Outside of ApostropheCMS, sanitize-html is by far our best known module. sanitize-html provides a simple API to... well, sanitize HTML. Markup that comes from rich text editors, markup that comes from external pages you're importing, anything messy you'd like to clean up so you can offer a guarantee that it won't break the page. For more complicated cases, it's often a good idea to pair sanitize-html with cheerio.

absolution: give your URLs a home

While we're on the subject of HTML: sometimes your HTML is just fine, but you need to replace relative URLs with absolute URLs. absolution is a simple tool for that one job. It just needs two things from you: the URL of your website, and the markup to be... absolved.
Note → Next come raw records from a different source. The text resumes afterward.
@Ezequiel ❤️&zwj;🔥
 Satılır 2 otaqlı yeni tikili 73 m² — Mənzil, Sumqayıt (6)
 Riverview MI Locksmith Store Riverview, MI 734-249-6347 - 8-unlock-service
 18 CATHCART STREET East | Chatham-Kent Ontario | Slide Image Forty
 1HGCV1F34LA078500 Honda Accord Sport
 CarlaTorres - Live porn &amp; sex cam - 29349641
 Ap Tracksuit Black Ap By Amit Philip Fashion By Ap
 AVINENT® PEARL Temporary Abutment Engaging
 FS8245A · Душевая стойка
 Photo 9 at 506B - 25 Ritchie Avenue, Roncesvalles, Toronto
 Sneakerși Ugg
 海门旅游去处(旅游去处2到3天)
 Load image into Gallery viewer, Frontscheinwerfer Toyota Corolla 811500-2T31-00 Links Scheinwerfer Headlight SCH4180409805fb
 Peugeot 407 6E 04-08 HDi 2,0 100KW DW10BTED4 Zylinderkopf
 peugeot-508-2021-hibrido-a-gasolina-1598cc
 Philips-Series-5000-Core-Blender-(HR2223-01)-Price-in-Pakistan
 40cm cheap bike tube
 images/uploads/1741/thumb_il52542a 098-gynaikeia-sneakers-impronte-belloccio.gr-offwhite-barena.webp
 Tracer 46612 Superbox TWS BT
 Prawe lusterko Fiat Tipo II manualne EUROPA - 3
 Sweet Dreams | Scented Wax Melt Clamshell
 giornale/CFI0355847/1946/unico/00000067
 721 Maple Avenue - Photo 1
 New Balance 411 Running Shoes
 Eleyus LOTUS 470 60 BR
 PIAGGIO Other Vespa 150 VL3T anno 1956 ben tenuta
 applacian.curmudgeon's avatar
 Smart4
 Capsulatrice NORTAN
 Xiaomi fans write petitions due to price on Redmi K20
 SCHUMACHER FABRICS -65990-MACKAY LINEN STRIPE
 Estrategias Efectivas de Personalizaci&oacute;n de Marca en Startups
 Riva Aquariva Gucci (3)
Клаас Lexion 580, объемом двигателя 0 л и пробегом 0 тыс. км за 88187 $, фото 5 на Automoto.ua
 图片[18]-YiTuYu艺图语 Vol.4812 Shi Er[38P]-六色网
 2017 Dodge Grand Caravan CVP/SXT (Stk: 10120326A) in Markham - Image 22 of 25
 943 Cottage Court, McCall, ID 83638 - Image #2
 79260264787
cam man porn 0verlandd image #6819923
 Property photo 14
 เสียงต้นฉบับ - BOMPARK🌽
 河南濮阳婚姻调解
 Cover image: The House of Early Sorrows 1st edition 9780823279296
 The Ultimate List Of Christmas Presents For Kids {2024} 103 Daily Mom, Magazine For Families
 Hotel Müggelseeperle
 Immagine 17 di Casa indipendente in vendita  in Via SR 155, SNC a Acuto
split-html: slice that HTML down the middle

One more HTML module: split-html. Ever since we introduced ApostropheCMS, we've known that users sometimes want to split a rich text widget in two and insert a different widget in the middle. The task seems simple, but gets complicated when you consider how HTML tags can be nested. Powered by cheerio, split-html divides your HTML fragment into two pieces at the dividing line of your choice, closing and re-opening tags as necessary to make sure the result makes sense.

oembetter: the turducken of web development

Everybody embeds stuff. Want video on your website? You could self-host, but you're often better off embedding YouTube or Vimeo. SoundCloud and Spotify are often candidates for embedding too. What they all have in common is a very old, very useful standard called oembed in which the provider tells you exactly how to embed their stuff. But to use oembed safely and effectively in 2024, you need to decide exactly which sites to trust, and you often need to substitute your own tweaked markup for certain sites. oembetter brings you those features as standard equipment. We rely on it for video embedding in ApostropheCMS.

scale: let the browser resize big images

Lots of apps accept uploaded images. In the bad old days, we took for granted that servers would have to do the grunt work of resizing them to make sense for a particular application. And in 2024... we still need to validate those files on the server side. You can't trust a browser! But you can ask the browser to do the resizing up front, which saves time and frustration for users who no longer hit upload size limits. scale solves this problem neatly, accepting a File object and giving you back... a new File object. Which you can upload exactly the same way. We really, really like simple APIs. Speaking of which...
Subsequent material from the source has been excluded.